General Motors has lost money in Europe every year since 1999. After three years at the helm, chief executive Mary Barra has had enough.
Pulling off a deal to sell the Opel division to France’s PSA Group, which owns Peugeot, will prove a deep-seated obsession with being the biggest is long gone, as GM will likely drop outside the top three among the world’s biggest automakers. It also will demonstrate Ms Barra, a company lifer, isn’t wedded to the past.
“Kudos to her for making the right decision,” said Maryann Keller, an independent auto industry consultant in Connecticut, and a longtime critic of GM’s management. “Opel hasn’t made money in decades. This flies in the face of the clichés we’ve always heard that you have to be in Europe and have German engineering to be a global carmaker.”
Since leaving bankruptcy in 2009, Detroit-based GM has lost about $9.1bn (€8.6bn) in Europe. The automaker racked up losses of a similar magnitude in the decade leading up to bankruptcy. Management struggled for years to stem the red ink in a market where the automaker lacks a reputable luxury brand or leading position in any particular country, suggesting there was no obvious way to render the business a reliable profit contributor.
An exit from Europe would be the most significant yet under Ms Barra and GM president Dan Ammann to drop money-losing businesses and concentrate on profitable markets. It started in 2015, when GM shuttered production in Thailand and Indonesia, where Mr Ammann said the company posted poor results and lacked a clear path for improvement.
That same year, GM largely abandoned Russia, which was reeling amid political turmoil and a sinking economy. It was a bold move considering the Renault-Nissan alliance and Ford Motor both were expanding there. GM appeared to be waving a white flag when others were staying the course.
At the time, Mr Ammann said GM was “perfectly willing” to “make the tough decision and move on” if there wasn’t a good business case to invest.

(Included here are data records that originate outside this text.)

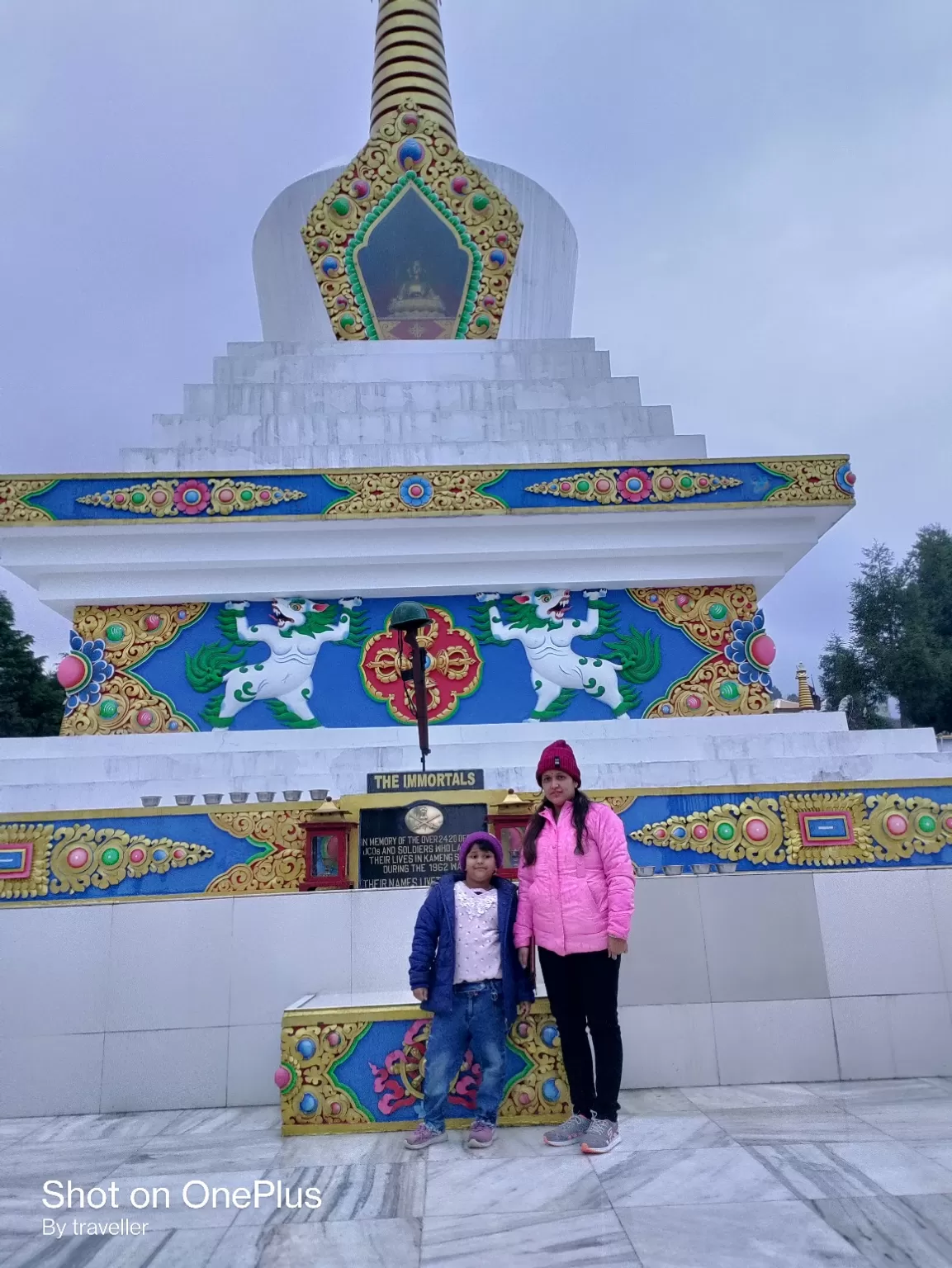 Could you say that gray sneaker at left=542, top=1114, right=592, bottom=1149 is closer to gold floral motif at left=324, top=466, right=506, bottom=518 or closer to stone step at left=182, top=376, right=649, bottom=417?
gold floral motif at left=324, top=466, right=506, bottom=518

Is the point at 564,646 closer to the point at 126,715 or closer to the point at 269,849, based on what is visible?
the point at 269,849

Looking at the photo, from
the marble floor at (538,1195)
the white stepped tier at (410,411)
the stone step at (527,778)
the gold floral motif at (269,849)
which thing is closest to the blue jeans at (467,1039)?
the marble floor at (538,1195)

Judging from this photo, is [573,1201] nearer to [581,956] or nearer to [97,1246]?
[581,956]

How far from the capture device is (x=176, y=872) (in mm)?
4906

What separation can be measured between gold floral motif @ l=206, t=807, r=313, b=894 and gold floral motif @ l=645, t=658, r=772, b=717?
2719 millimetres

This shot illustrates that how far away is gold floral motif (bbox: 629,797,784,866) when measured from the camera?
16.0 feet

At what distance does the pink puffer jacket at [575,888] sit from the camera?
10.3 feet

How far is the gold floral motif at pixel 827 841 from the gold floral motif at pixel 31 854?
3.91 meters

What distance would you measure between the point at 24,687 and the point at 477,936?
2121cm

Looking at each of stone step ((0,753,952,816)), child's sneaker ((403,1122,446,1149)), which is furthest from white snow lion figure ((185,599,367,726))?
child's sneaker ((403,1122,446,1149))

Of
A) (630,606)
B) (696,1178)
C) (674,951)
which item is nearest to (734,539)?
(630,606)

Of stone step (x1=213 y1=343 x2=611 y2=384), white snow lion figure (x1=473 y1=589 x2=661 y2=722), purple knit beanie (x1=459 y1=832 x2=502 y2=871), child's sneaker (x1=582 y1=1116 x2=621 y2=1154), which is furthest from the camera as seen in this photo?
stone step (x1=213 y1=343 x2=611 y2=384)

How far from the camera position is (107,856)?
4855mm

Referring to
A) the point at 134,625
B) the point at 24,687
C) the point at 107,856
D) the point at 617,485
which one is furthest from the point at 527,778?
the point at 24,687
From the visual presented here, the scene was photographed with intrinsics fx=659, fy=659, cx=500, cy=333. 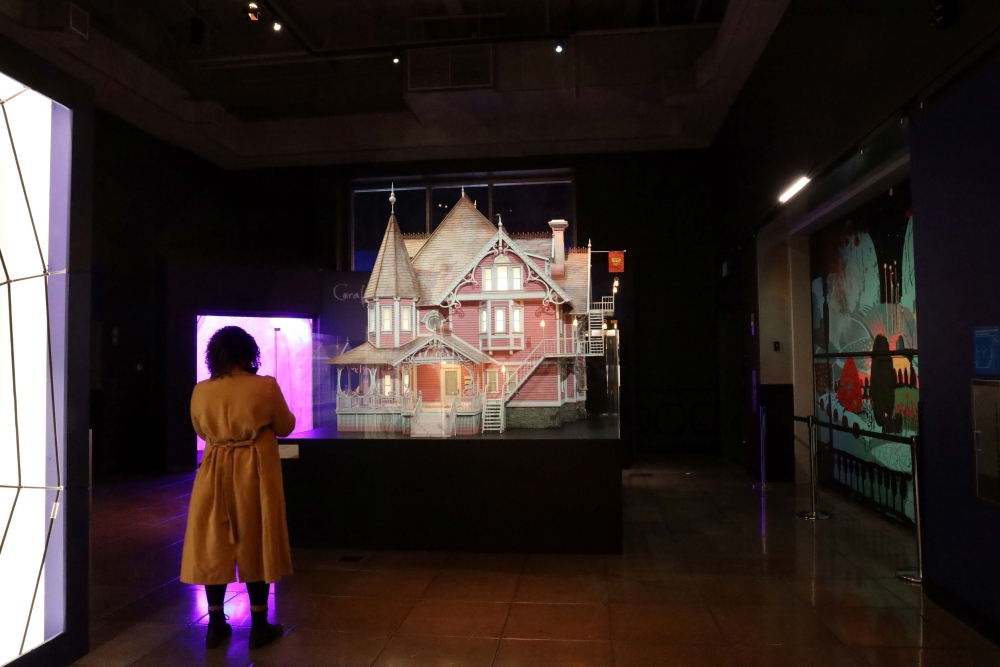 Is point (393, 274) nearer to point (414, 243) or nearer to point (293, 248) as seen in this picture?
point (414, 243)

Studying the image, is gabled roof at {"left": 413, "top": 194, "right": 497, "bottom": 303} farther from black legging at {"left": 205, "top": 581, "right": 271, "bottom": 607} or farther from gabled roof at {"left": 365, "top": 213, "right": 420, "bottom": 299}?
black legging at {"left": 205, "top": 581, "right": 271, "bottom": 607}

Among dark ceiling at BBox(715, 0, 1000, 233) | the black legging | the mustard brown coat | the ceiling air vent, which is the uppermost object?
the ceiling air vent

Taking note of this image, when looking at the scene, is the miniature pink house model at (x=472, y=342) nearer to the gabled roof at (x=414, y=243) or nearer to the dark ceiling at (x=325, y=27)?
the gabled roof at (x=414, y=243)

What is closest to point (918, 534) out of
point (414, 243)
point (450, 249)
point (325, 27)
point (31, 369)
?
point (450, 249)

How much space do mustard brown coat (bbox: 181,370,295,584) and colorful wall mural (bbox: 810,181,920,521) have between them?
4109 millimetres

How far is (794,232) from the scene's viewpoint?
780 centimetres

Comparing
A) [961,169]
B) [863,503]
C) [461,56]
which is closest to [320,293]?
[461,56]

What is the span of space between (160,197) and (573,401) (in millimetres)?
7362

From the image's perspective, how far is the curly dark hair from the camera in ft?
11.5

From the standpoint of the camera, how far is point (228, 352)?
11.5 feet

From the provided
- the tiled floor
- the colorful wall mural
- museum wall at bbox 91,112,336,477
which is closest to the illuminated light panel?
the colorful wall mural

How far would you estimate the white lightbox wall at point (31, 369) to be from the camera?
3025 mm

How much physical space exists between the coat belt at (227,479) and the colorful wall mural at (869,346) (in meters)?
4.27

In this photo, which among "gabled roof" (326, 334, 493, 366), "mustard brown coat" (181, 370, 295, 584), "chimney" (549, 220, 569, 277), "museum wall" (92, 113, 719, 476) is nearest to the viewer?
"mustard brown coat" (181, 370, 295, 584) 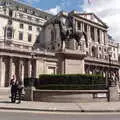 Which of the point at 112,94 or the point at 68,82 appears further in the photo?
the point at 112,94

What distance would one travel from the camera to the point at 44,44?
11281cm

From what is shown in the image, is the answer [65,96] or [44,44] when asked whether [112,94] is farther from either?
[44,44]

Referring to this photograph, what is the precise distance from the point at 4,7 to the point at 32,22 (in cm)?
1275

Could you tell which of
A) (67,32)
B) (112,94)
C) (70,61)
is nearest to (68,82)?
(70,61)

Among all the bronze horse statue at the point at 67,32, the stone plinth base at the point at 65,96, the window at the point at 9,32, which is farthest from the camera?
the window at the point at 9,32

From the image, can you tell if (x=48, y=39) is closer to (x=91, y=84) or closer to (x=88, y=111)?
(x=91, y=84)

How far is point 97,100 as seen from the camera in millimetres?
26250

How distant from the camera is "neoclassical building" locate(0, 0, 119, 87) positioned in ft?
104

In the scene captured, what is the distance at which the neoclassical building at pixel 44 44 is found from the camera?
31766 millimetres

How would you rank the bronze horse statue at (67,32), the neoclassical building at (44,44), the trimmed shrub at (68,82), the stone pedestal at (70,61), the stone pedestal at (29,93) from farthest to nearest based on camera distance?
the neoclassical building at (44,44) < the bronze horse statue at (67,32) < the stone pedestal at (70,61) < the trimmed shrub at (68,82) < the stone pedestal at (29,93)

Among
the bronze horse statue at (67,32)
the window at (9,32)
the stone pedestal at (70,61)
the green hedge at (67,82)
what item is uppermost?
the window at (9,32)

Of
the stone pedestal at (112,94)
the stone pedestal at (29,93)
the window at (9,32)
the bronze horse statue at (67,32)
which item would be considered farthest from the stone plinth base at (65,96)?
the window at (9,32)

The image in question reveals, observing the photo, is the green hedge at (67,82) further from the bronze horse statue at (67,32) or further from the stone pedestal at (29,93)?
the bronze horse statue at (67,32)

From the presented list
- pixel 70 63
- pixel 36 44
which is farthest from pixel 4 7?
pixel 70 63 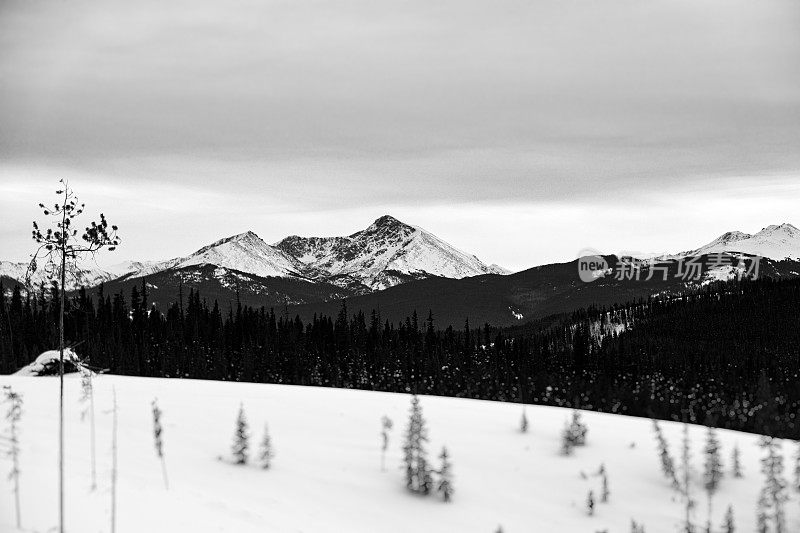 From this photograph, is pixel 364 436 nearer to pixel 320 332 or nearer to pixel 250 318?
pixel 320 332

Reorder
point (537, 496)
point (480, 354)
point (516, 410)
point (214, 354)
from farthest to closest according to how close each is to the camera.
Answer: point (480, 354)
point (214, 354)
point (516, 410)
point (537, 496)

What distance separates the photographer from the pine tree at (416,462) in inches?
578

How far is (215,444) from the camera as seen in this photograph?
16.7 meters

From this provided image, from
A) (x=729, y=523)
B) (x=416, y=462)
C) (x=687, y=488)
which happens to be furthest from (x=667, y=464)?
(x=416, y=462)

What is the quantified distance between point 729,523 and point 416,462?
19.5ft

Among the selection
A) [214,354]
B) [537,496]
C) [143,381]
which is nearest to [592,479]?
[537,496]

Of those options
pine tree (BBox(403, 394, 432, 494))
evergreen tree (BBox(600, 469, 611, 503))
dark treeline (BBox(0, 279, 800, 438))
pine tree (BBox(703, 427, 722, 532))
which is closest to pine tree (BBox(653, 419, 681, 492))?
pine tree (BBox(703, 427, 722, 532))

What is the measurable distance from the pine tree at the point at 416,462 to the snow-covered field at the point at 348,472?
235 millimetres

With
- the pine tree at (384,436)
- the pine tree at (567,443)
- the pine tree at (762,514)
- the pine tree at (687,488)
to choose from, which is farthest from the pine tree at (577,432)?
the pine tree at (384,436)

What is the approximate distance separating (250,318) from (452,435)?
91.9 metres

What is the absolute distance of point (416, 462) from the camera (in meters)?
15.4

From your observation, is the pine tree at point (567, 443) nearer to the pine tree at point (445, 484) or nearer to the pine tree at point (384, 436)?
the pine tree at point (445, 484)

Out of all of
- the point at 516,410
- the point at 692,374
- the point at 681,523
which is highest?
the point at 516,410

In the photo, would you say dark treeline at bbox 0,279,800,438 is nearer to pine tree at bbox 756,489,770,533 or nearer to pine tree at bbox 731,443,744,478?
pine tree at bbox 731,443,744,478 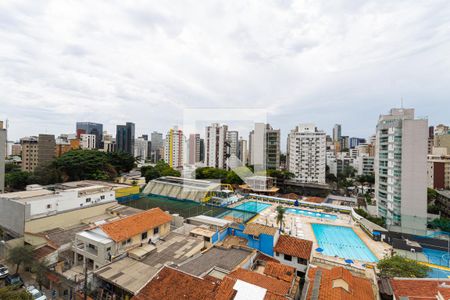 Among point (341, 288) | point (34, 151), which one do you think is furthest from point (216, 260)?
point (34, 151)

Selling the Opel division, which also operates the UK’s Vauxhall, would be far more significant than leaving Russia, where GM sold just 189,000 cars in 2014 before deciding to pull out. The company delivered 1.2m vehicles in Europe last year.
Hiving off Opel would render GM a seller of fewer than 9m cars annually worldwide, after years of approaching the 10m-unit threshold crossed by Toyota and Volkswagen. GM probably would fall behind the Renault-Nissan alliance, which now includes Mitsubishi in its global tally.
“This is a big market to exit, so they would not be a truly global automaker,” said David Whiston, an auto analyst with Morningstar. “But this is indicative of the new GM that really wants to focus on returns.”
Exiting Europe also would signal Ms Barra is more interested in investing in North America, where GM derives most of its profits, and in China, the company’s biggest and fastest-growing market of late.
GM sold 3.9m cars and trucks in China last year, an increase of 7% from 2015. Management sees that market as an ideal one to achieve economies of scale for several models. It’s also profitable: GM’s joint ventures in the country earned nearly $2bn in equity income last year.
“The decision to exit is Business Strategy 101 — move resources away from unattractive markets with weak completive positions, toward attractive markets with strong positions,” Brian Johnson, an auto analyst at Barclays, noted.
Ms Barra has said she’s most focused on posting strong profits. Even with its North America business slipping a bit in the fourth quarter, GM reported a record return on invested capital of 28.9% last year. Adjusted earnings before interest and taxes climbed to a record $12.5bn.
“This is a very different company, one that is more focused and more disciplined,” Ms Barra told analysts at a January conference in Detroit. “We have changed from a culture that once was a best-efforts company to a culture that is accountable for delivering results.”
Ms Barra isn’t the first GM executive to try to dump Opel, which the company has controlled for almost 90 years. In 2009, former CEO Fritz Henderson had an agreement with Canadian auto-parts maker Magna International to sell a majority stake. The board backed out of the deal, reckoning GM needed a presence in Europe, both to be truly global and to have the scale to defray the massive costs of investing in new models and technology.
The trouble is, GM sells mostly to Europe’s crowded mass market, where price competition keeps margins thin. With limited sales from Cadillac, the company lacks a luxury business to generate the fatter margins made by Volkswagen, BMW and Daimler.
GM lacks a captive home audience like PSA and Renault, which rely on market share in France to keep profits afloat. And Ford has a very profitable commercial-truck business that contributes to its bottom line.